M.S 375'te Türklerin Orta Asya'dan başlattıkları büyük göç hareketi Karadeniz'in kuzeyinden Avrupa'ya ulaşması ile Avrupa'da Kavimler Göçü olarak nitelenen büyük göç hareketleri yaşanır. Bu göçlerin doğurmuş olduğu sosyal ve siyasal çalkantılar M.S. 476 yılında Roma İmparatorluğu'nun dağılmasına neden olur. İşte böylelikle Avrupa'da devlet otoritesinin ortadan kalktığı Karanlık Çağ yani Orta Çağ başlar. Bu karanlık çağın inşasında en etkili unsur da Vatikan kilisesi olur. Devlet otoritesinin ortadan kalktığı bu süreçte boşluğu kilise doldurarak kendi dini otoritesini hâkim kılar.  

 

Kilisenin söz konusu hâkimiyetinin arkasında yatan en önemli sır ise eğitimi kendi kontrolü altına almış olmasıdır. Eğitim artık sadece kilisenin kontrolünde ve bazı seçilmiş kişilerin elde edebileceği bir ayrıcalık olmuştur. Yani halk cahil bırakılarak kilisenin hurafelerinden ve toplum zihninde oluşturduğu korkular üzerinden insanlar kontrol edilmek istenmiştir. Halk her gün zorlaşan hayat şartları ve açlık tehlikesi karşısında eğitimi düşünmekten tamamen uzaklaşmış. Can derdine düşmüştür. Eğitim din adamları ve soylulara ait bir ayrıcalık halini almıştır. Bundan dolayı halk cahilleştirilerek köle haline getirilmiştir. CEHALET = KÖLELİK.

 

Devlet otoritesinin yok olması büyük arazi sahibi feodal beylerin elinde halkın köleleşmesine ortam hazırlar. Halk büyük toprak sahibi feodal beylerin hâkimiyeti altında yaşıyor, onun topraklarını ekiyor ve kazancı ona veriyorlardı. Onlarda buna karşılık köylüye ölmeyecek kadar gıda aynı zamanda askerleri ile güvenlik sağlıyordu.
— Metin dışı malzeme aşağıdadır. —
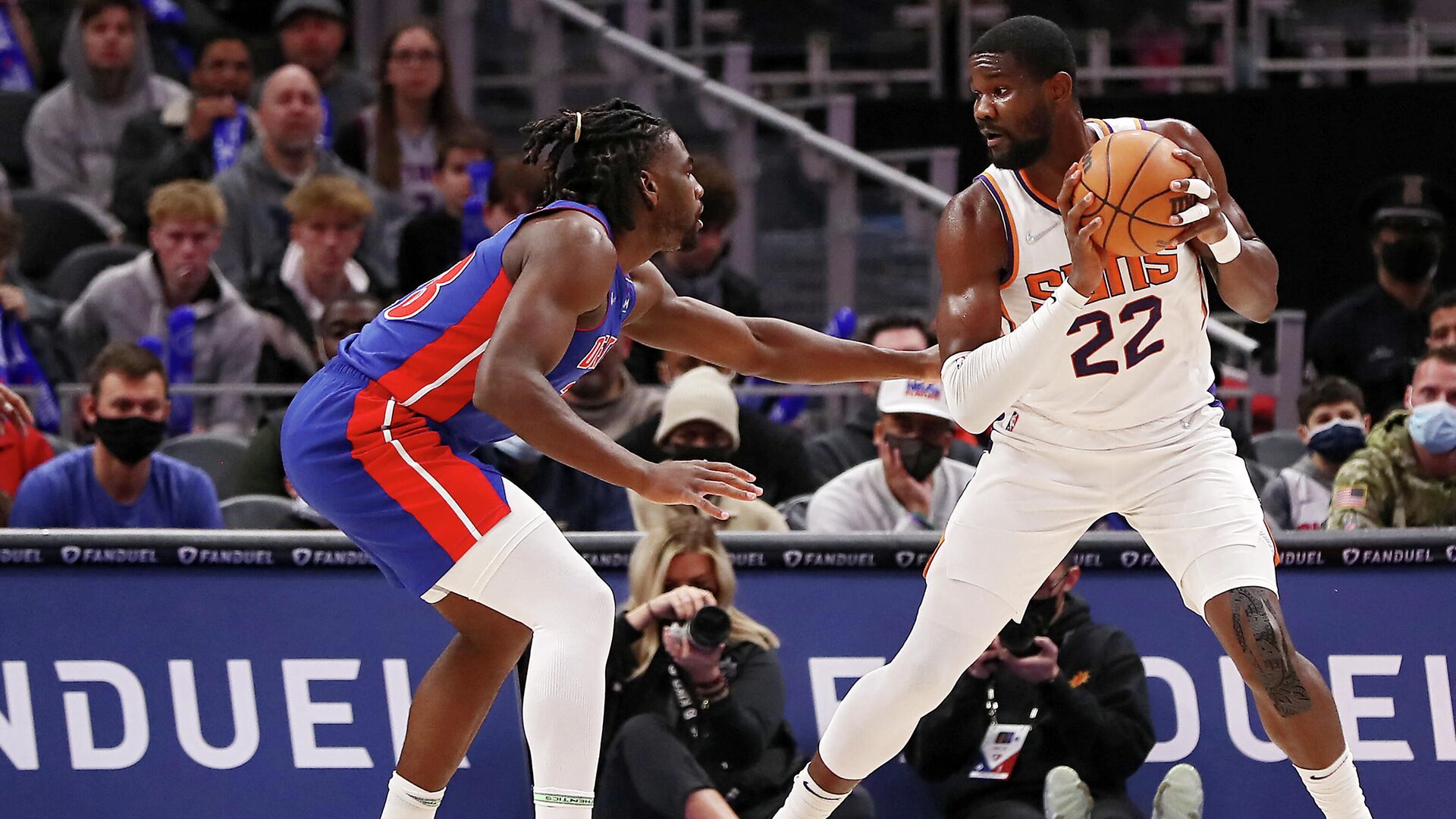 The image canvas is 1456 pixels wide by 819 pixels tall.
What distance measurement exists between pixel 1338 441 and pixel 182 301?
15.1 ft

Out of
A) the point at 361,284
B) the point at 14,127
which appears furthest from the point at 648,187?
the point at 14,127

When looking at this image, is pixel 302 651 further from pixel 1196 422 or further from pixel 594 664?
pixel 1196 422

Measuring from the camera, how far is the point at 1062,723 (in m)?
5.47

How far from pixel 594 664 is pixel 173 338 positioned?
4.38m

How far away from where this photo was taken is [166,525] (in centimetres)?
634

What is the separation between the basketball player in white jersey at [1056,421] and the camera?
14.3 feet

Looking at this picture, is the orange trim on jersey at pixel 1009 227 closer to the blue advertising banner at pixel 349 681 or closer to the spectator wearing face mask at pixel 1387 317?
the blue advertising banner at pixel 349 681

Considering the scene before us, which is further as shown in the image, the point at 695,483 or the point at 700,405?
the point at 700,405

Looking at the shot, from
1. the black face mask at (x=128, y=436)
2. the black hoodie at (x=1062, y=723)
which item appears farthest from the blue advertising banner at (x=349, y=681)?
the black face mask at (x=128, y=436)

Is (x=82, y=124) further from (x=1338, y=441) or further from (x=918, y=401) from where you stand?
(x=1338, y=441)

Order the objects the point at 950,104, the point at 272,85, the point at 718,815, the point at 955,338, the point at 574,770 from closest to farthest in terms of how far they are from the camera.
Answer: the point at 574,770 < the point at 955,338 < the point at 718,815 < the point at 272,85 < the point at 950,104

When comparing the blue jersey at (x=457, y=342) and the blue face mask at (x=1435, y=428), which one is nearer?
the blue jersey at (x=457, y=342)

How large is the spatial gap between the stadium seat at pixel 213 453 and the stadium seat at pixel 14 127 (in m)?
3.36

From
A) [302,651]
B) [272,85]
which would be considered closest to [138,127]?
[272,85] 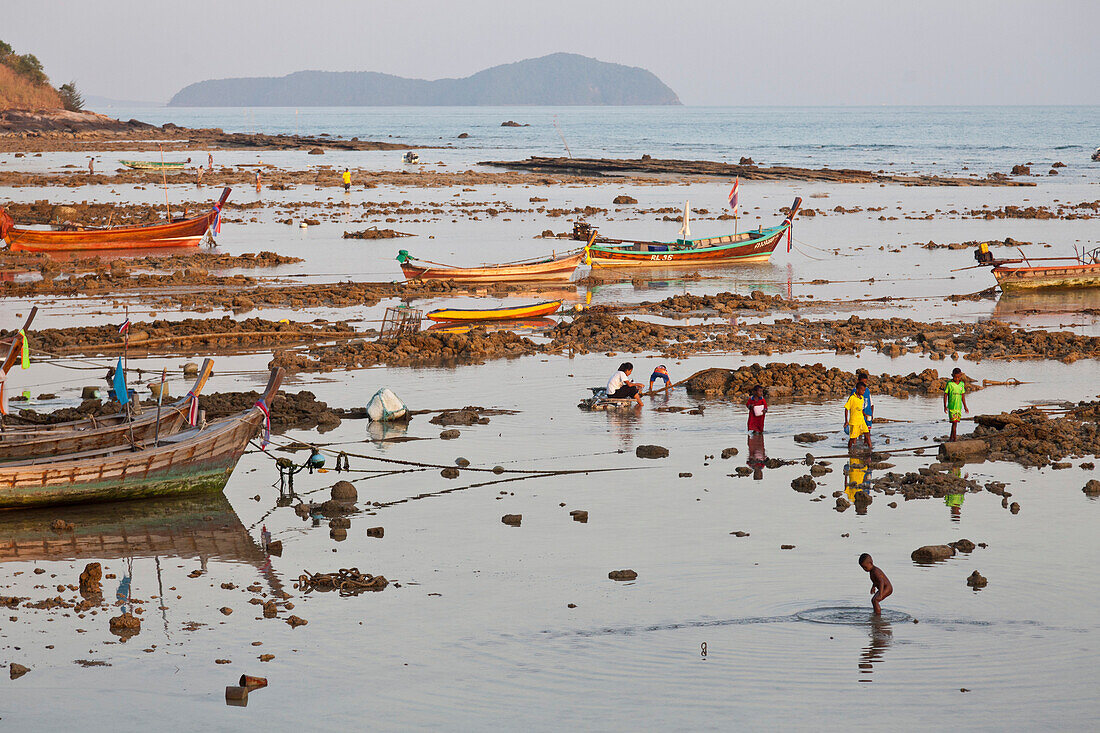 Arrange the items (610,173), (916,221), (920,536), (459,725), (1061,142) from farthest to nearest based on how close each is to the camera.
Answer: (1061,142) → (610,173) → (916,221) → (920,536) → (459,725)

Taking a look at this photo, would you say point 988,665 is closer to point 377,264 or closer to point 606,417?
point 606,417

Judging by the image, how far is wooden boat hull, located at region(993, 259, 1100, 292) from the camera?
113 ft

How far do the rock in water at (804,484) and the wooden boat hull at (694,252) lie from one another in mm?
23271

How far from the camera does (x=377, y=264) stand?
40375 mm

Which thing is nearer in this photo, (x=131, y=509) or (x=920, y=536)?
(x=920, y=536)

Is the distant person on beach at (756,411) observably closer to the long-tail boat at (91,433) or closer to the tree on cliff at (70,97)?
the long-tail boat at (91,433)

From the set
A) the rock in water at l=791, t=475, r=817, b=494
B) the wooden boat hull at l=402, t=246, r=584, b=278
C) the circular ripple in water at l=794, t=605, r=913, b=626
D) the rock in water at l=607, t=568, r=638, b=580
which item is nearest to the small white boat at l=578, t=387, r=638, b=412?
the rock in water at l=791, t=475, r=817, b=494

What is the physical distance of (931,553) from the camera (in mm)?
13672

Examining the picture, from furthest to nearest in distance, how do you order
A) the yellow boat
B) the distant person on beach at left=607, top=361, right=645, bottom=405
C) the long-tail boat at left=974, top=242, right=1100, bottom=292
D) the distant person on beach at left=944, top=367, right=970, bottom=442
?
the long-tail boat at left=974, top=242, right=1100, bottom=292
the yellow boat
the distant person on beach at left=607, top=361, right=645, bottom=405
the distant person on beach at left=944, top=367, right=970, bottom=442

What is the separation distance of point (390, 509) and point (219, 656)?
4823 mm

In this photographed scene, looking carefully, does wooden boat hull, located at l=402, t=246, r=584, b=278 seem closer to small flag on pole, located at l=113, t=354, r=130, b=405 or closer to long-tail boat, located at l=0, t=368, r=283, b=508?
long-tail boat, located at l=0, t=368, r=283, b=508

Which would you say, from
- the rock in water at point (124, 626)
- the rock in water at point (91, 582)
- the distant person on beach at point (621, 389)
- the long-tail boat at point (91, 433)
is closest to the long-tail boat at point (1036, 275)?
the distant person on beach at point (621, 389)

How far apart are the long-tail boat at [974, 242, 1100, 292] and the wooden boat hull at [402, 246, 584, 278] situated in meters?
11.8

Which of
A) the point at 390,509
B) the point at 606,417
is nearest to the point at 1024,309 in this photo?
the point at 606,417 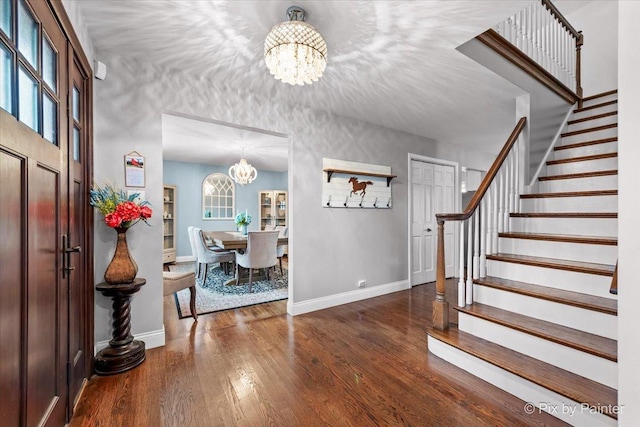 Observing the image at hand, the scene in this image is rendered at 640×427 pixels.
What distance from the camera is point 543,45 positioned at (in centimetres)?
321

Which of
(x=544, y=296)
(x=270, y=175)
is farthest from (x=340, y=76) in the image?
(x=270, y=175)

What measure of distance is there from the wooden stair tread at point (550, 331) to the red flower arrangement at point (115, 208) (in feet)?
8.64

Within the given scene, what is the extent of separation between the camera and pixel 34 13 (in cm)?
114

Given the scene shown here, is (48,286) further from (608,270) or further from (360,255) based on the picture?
(608,270)

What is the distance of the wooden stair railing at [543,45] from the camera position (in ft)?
8.52

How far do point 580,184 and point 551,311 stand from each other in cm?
174

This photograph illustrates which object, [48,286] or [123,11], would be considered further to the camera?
[123,11]

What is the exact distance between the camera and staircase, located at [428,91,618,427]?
160 cm

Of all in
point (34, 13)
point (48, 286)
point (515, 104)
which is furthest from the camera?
point (515, 104)

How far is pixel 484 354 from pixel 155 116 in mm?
3157

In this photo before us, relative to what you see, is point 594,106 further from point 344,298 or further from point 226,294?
point 226,294

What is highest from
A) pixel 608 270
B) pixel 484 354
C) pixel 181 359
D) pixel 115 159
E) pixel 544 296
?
pixel 115 159

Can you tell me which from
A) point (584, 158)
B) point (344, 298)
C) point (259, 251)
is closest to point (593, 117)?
point (584, 158)

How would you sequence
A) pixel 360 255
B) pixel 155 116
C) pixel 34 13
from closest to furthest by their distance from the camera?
1. pixel 34 13
2. pixel 155 116
3. pixel 360 255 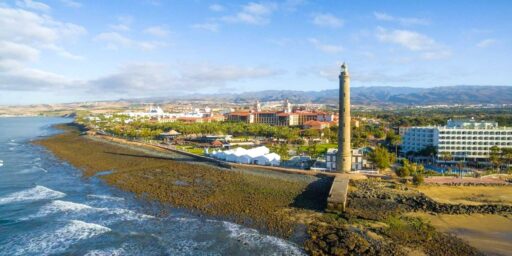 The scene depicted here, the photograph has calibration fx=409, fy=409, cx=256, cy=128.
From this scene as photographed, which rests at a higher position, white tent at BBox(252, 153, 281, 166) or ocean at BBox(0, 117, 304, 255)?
white tent at BBox(252, 153, 281, 166)

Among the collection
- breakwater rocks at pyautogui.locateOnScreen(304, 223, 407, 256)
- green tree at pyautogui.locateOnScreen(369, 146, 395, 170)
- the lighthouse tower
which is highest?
the lighthouse tower

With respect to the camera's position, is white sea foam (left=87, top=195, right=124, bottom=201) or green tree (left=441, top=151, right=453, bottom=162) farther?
green tree (left=441, top=151, right=453, bottom=162)

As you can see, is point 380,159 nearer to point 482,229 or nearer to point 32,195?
point 482,229

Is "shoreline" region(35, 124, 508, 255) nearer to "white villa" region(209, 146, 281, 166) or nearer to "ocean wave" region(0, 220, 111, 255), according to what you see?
"white villa" region(209, 146, 281, 166)

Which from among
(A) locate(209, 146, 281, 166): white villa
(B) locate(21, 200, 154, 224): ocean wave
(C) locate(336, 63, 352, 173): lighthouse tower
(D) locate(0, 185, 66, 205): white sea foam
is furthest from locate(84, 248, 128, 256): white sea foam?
(A) locate(209, 146, 281, 166): white villa

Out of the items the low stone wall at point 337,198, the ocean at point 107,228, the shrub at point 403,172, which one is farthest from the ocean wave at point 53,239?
the shrub at point 403,172

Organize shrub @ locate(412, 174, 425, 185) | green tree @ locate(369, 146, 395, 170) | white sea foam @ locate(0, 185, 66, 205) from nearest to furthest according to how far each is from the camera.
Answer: white sea foam @ locate(0, 185, 66, 205), shrub @ locate(412, 174, 425, 185), green tree @ locate(369, 146, 395, 170)

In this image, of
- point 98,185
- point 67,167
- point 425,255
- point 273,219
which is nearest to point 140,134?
point 67,167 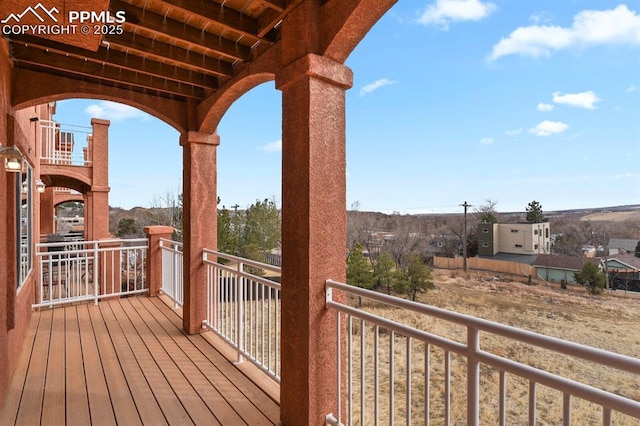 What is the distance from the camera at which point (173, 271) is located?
4.98m

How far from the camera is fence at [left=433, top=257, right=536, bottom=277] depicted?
19.8 meters

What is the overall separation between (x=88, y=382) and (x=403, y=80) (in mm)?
40067

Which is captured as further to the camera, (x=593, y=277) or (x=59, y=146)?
(x=593, y=277)

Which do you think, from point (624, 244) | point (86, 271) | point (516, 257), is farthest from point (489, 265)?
point (86, 271)

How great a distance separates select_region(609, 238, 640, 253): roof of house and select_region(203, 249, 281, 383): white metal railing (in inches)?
547

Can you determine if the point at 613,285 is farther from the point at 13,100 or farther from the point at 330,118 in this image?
the point at 13,100

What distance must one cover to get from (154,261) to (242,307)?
323 cm

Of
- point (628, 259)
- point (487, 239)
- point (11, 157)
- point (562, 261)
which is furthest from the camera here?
point (487, 239)

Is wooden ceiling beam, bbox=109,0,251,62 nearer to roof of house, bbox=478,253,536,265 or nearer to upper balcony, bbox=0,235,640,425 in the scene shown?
upper balcony, bbox=0,235,640,425

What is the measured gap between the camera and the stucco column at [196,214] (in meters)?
3.88

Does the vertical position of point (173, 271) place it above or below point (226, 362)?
above

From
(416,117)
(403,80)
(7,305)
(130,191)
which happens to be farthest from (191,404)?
(403,80)

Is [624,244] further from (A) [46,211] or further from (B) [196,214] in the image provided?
(A) [46,211]

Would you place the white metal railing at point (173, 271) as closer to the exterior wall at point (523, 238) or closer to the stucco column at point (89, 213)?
the stucco column at point (89, 213) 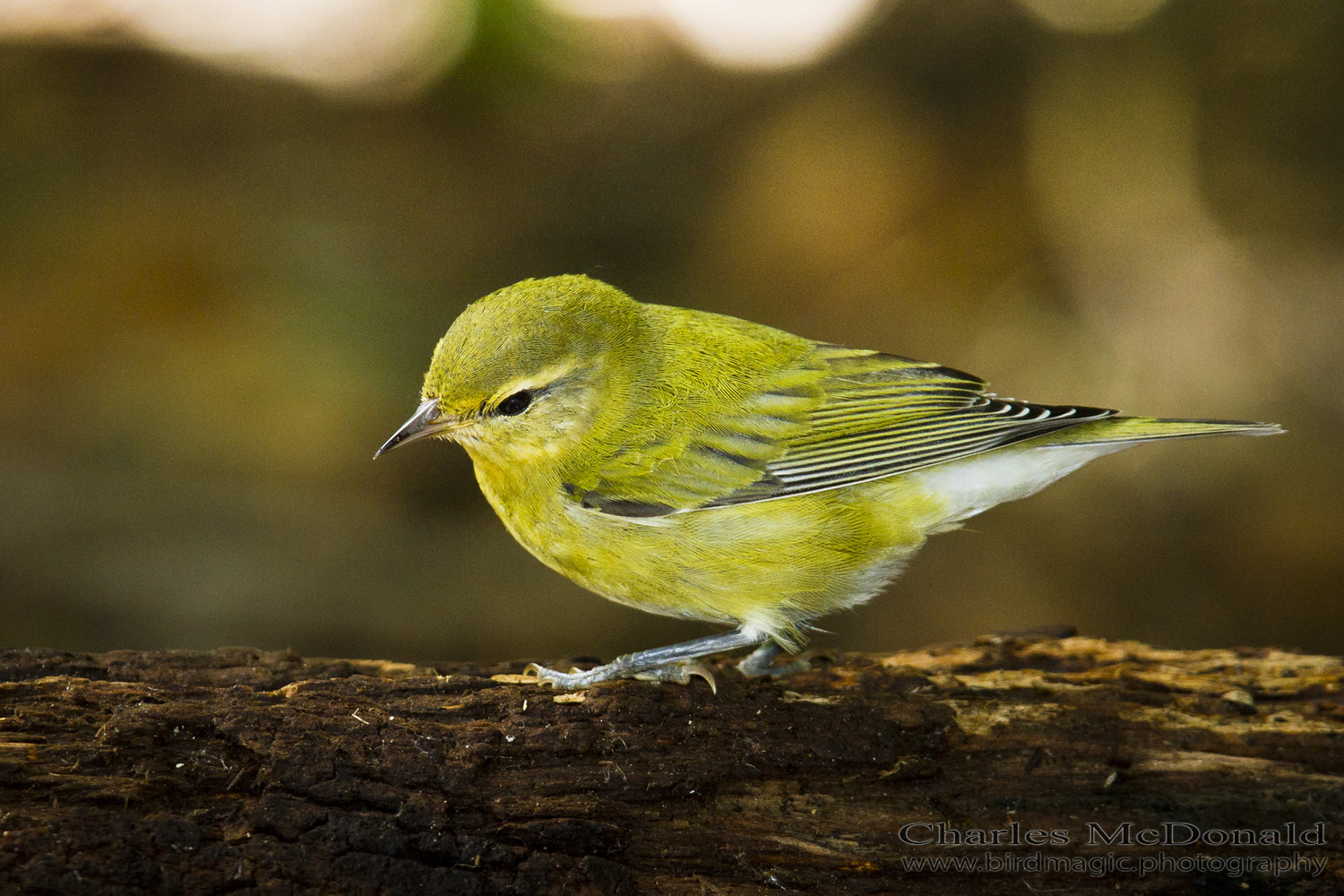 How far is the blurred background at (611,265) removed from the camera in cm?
773

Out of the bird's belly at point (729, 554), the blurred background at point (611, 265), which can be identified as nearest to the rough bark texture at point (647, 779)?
the bird's belly at point (729, 554)

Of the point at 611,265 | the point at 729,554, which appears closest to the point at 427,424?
the point at 729,554

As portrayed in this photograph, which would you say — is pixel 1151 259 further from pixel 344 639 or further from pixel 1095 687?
pixel 344 639

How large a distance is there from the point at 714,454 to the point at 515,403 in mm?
915

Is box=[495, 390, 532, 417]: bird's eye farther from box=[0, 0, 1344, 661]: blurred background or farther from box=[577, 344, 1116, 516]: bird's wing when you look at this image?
box=[0, 0, 1344, 661]: blurred background

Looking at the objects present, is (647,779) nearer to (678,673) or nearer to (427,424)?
(678,673)

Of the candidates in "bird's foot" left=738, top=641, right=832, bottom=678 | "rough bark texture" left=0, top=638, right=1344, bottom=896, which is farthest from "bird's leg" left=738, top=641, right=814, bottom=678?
"rough bark texture" left=0, top=638, right=1344, bottom=896

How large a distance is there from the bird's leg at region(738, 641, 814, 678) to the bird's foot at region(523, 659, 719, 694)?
1.43 feet

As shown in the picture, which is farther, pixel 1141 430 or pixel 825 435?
pixel 825 435

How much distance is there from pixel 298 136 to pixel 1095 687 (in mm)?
7998

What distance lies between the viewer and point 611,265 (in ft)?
31.1

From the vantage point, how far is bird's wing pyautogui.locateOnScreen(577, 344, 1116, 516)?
4.59 m

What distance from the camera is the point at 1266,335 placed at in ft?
25.6

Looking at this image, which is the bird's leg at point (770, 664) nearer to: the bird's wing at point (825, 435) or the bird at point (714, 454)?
the bird at point (714, 454) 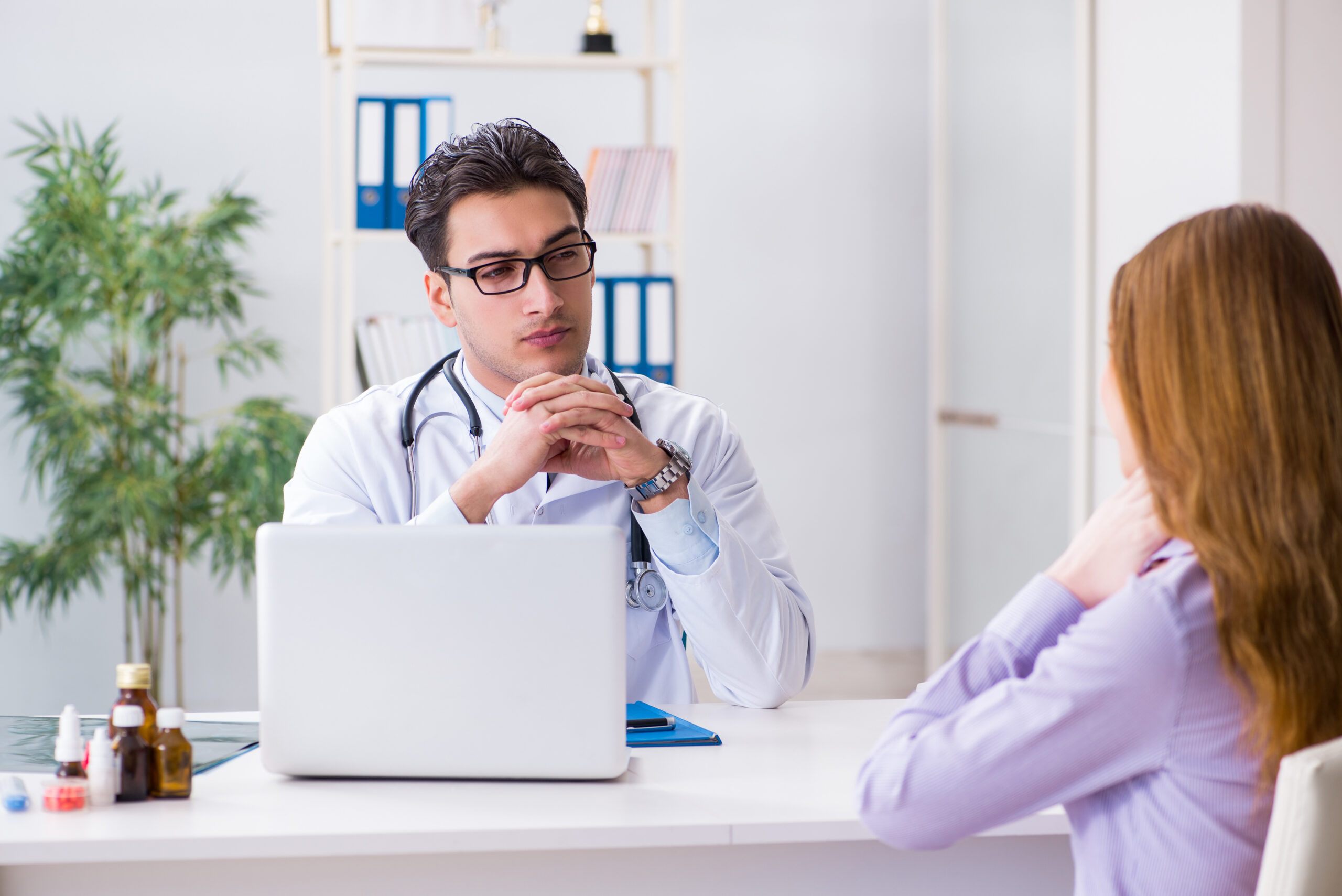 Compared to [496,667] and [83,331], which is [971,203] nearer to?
[83,331]

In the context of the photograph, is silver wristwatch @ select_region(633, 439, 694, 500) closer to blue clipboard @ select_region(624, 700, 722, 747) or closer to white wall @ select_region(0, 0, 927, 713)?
blue clipboard @ select_region(624, 700, 722, 747)

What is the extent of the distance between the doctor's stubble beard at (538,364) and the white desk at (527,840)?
647 millimetres

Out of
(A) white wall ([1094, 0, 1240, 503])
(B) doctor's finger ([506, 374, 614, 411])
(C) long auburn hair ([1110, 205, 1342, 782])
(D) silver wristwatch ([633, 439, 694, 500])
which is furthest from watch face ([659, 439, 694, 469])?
(A) white wall ([1094, 0, 1240, 503])

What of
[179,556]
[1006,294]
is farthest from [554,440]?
[1006,294]

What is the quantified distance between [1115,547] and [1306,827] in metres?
0.24

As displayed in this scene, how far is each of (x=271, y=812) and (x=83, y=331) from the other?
288 cm

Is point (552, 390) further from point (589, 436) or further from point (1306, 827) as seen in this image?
point (1306, 827)

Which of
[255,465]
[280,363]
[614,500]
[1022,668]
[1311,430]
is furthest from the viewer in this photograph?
[280,363]

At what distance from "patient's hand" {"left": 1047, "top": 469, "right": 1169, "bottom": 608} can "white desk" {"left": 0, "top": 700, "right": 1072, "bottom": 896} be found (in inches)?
12.3

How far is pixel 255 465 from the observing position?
3396 millimetres

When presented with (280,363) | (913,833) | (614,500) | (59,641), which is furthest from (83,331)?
(913,833)

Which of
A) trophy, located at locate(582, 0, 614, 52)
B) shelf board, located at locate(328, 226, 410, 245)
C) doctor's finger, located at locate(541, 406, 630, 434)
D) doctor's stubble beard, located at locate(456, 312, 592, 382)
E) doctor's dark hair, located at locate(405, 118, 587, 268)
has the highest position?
trophy, located at locate(582, 0, 614, 52)

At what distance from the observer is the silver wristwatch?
1518 millimetres

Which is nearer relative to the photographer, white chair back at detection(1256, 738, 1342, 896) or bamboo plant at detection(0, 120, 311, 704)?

Köylü aynı zamanda lordlar arasında çıkan savaşlarda onlar için askerlik yapmakla da sorumluydu.

 

Orta Çağ'da mahkemeler, yalnızca insanları yargılamak için kurulmuyordu. Dönem içerisinde sanığın bir hayvan olduğu 85 mahkeme kaydı bulunuyor. Böceklerden büyük başlara kadar tüm hayvanlar, uygun görüldüğünde yasaları ihlal etme şüphesiyle mahkemeye çıkarılıyordu. Bu mahkemelerde en sık yargılanan hayvan ise insan vücutlarını kemirmekten çocuk yemeye kadar birçok suça karışan ve hüküm giyen domuzlardı. Mahkemeye çıkarılan bu domuzlar genellikle suçlu bulunuyor, asılarak ya da kazığa bağlanıp yakılarak idam ediliyordu.

 

O zamanlar futbolun herhangi bir kuralı yoktu ve tüm köyde sayısız oyuncuyla oynanabiliyordu. Bu sebeple genellikle tekmelenen top değil, karşı takımın oyuncuları oluyordu. Gol atmaya çalışan bir oyuncuya, adam öldürmek dışında her şey mubahtı. Bu kuralsızlıkların getirdiği ölüm ve şiddet sebebiyle Kral II. Edward'ın bu sporu yasakladığı ifade ediliyor. Şifa niyetine insan ve hayvan idrarının içilmesi, engizisyon mahkemelerinin ölüme mahkûm ettiği kişilerin cesetlerinin bazı yerlerinin yenilmesi, kanlarının içilmesi gibi daha birçok akla ziyan tedavi yöntemlerine inanılıyordu. 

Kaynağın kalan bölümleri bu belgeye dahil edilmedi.